In article <email@example.com>, WM <firstname.lastname@example.org> wrote:
> On 26 Mrz., 22:07, Virgil <vir...@ligriv.com> wrote: > > > > > One acceptable form of induction is: > > > > > > There exists a set of objects, N, and a zero object, 0, such that > > > > 1. 0 is a member of N. > > > > 2. Every member of N has a successor object in N. > > > > 3. 0 is not the successor object of any object in N. > > > > 4. If the successors of two objects in N are the same, > > > > then the two original objects are the same. > > > > 5. If a set, S, contains 0 and the successor object of every > > > > object in S, then S contains N as a subset. > > > > > That is a definition of a sequence, not a proof by induction.
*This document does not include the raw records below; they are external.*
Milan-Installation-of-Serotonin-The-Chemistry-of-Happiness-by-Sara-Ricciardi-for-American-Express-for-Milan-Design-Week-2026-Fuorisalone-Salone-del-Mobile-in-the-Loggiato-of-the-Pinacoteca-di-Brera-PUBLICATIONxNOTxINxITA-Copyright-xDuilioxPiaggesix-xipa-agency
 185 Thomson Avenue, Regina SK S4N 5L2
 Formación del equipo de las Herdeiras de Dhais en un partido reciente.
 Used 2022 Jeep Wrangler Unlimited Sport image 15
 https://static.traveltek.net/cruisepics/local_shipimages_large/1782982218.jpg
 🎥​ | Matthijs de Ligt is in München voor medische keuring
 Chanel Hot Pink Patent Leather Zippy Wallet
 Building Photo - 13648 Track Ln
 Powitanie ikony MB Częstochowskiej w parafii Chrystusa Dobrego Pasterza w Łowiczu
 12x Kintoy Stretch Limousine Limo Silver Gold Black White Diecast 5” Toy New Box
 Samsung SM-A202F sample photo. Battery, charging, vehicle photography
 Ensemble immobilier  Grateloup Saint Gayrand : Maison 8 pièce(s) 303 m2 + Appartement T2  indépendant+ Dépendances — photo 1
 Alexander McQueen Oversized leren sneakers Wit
It is > > > not even a definition of the natural numbers, because even the ordered > > > set > > > N = (0, pi, pi^2, pi^3, ...) > > > obeys your five points. > > > > Mathematical Induction does not require use of natural numbers, but only > > of a set which is as inductive as (is order-isomorphic to) the set of > > natural numbers, and my form satisfies that requirement. > > Your mess is not induction and is obviously not a proof. A proof by > induction runs as I said:
That WM said something is very nearly proof that it is false.
And induction requires only an inductive set, as I described above, which need not be the set of positive naturals. --